Idaga Hamus (also called Edaga Hamus and Sewha Sa'isi'e) is a town in the Saesi Tsaedaemba woreda of Misraqawi Zone of the Tigray Region of Ethiopia. It is located 97 kilometers north of Mekelle on "National Road 1" (now Ethiopian Highway 2), between Freweyni and Adigrat.

Geology and soils 
The following geological formations are present in this locality:
 Adigrat Sandstone
 Enticho Sandstone
The main geomorphic units, with corresponding soil types are:
 Enticho Sandstone plateau
 Associated soil types
 shallow sandy soils with an indurated layer which prevents rooting and drainage (Petric Plinthosol)
 moderately deep, (light) brown, loamy to loamy sandy soil (Chromic Cambisol, Arenic Luvisol, Arenic Lixisol)
 Inclusions
 complex of rock outcrops, very stony and very shallow soils ((Lithic) Leptosol)
 shallow, stony, dark greyish brown clay loams and sandy loams (Eutric Regosol and Cambisol)
 clays of floodplains with very high watertable with moderate to good natural fertility (Eutric Gleysol, Gleyic Cambisol)
 Idaga Hamus highlands
 Associated soil types
 shallow, very stony, silt loamy to loamy soils (Skeletic Cambisol, Leptic Cambisol, Skeletic Regosol)
 shallow, stony, dark greyish brown clay loams and sandy loams (Eutric Regosol and Cambisol)
 sandy clay loams to sands developed on sandy colluvium (Eutric Arenosol, Regosol, Cambisol)
 Inclusions
 complex of rock outcrops, very stony and very shallow soils ((Lithic) Leptosol)
 Deep dark cracking clays with very good natural fertility, waterlogged during the wet season (Chromic Vertisol, Pellic Vertisol)
 moderately deep, brown silty loamy to loamy soils (Eutric Luvisol)

Monuments 
A number of rock-hewn churches have been reported near this town which include: Debre Zakarios Giyorgis and Cherqos, a collapsed one at Dengelat, Guwahigot Yesus and Yohannes. 
The contemporary church of Maryam Techot in this town is located on the top of a stepped Aksumite platform about 2 meters high and with dressed-stone corner blocks. A monolithic pillar and other carved fragments in the area may have been salvaged from the Aksumite structure which originally stood on this platform.

History 
Records at the Nordic Africa Institute website provide details of the primary school in 1968. 

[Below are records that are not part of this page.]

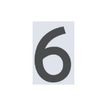 Pickup Home 3D Rio - Signo - number - 60 mm (hight) - montaje en superficie - autoadhesivo - gris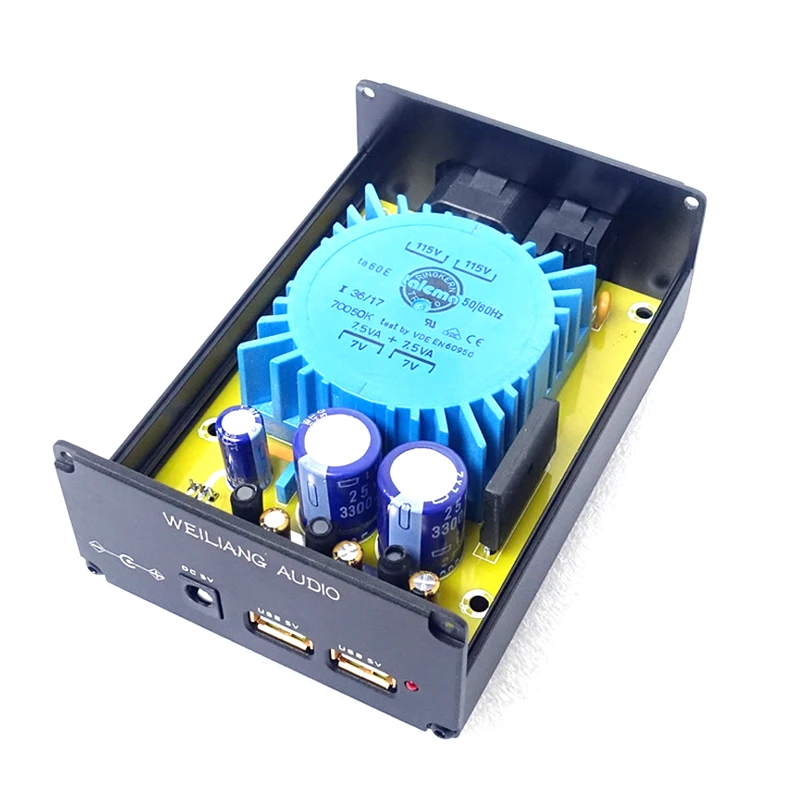 TALEMA LT1086CT CLC 필터 용 15W DC5V USB 오디오 선형 전원 공급 장치 DAC 헤드폰 증폭기 용 ...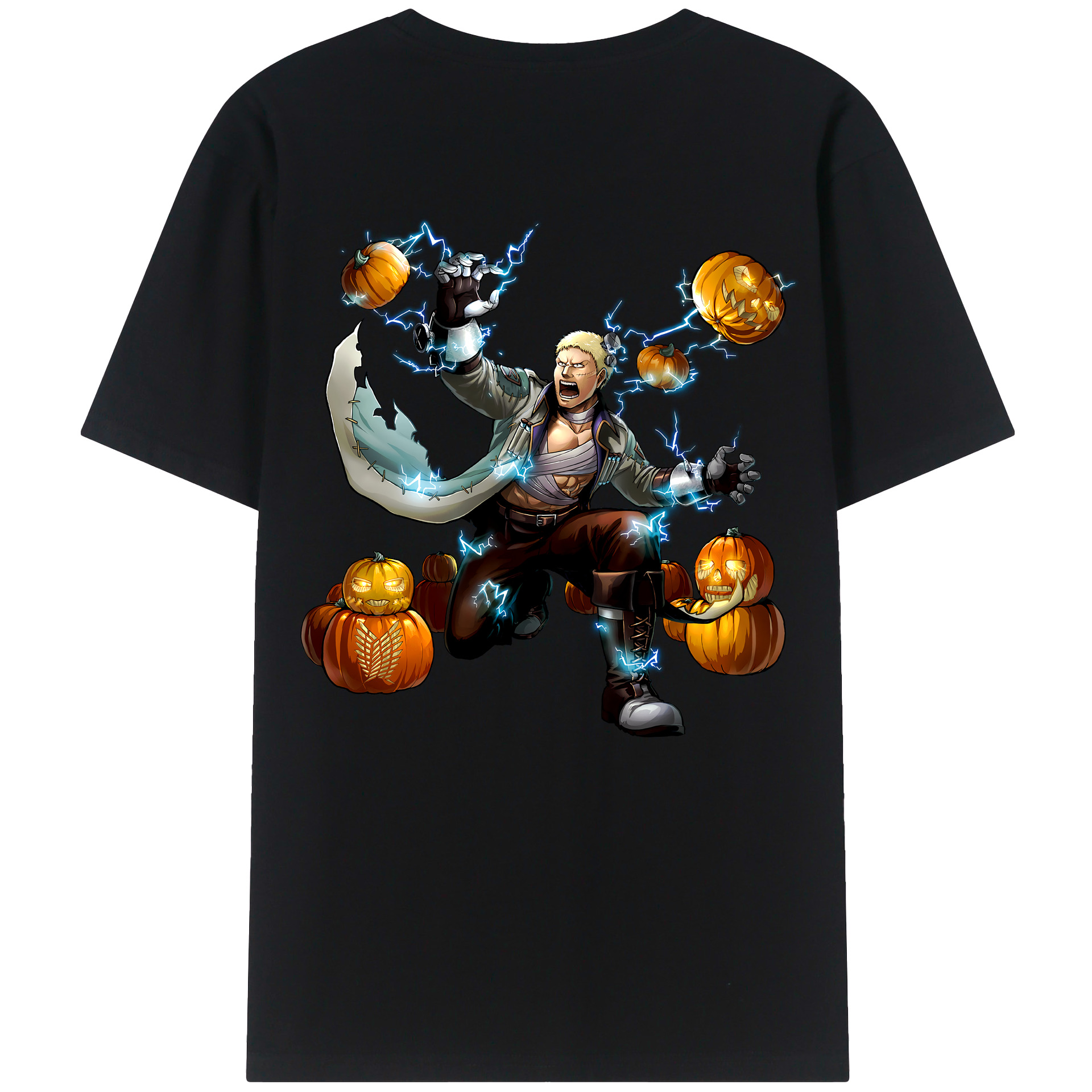 （画像用） 進撃の巨人 ライナー・ブラウン Attack on Titan Reiner Braun レディース半袖Tシャツ(バックプリント)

Idaga Hamus sheltered a significant number of refugees during the Eritrean-Ethiopian War of 1998-2000.

During the 2020-2021 Tigray War, attacks were carried out on Idaga Hamus by the joint Ethiopian and Eritrean armies. On 18 December 2020, an EEPA report stated that 37 civilians were killed by Eritrean troops in Mariam Dengelat. This follows further reports of Ethiopian ENDF soldiers shooting at unarmed civilians. On 19 December 2020, killings occurred in Idaga Hamus. Eritrean soldiers killed approximately 150 civilians, including a priest and women seeking refuge in a church, located 4 km to the west of Marieam Dengelat. The town and some rural villages (Maimegelta, Dengelat, Tsa'a and Hangoda) are under the control of Eritrean forces. The military is slaughtering the animals. People are starving to death.

Demographics 
Based on figures from the Central Statistical Agency in 2005, Idaga Hamus has an estimated total population of 8,474 of whom 3,962 are men and 4,512 are women. The 1994 census reported it had a total population of 4,883 of whom 2,110 were males and 2,773 were females. Together with Freweyni, it is one larger settlements in Saesi Tsaedaemba woreda.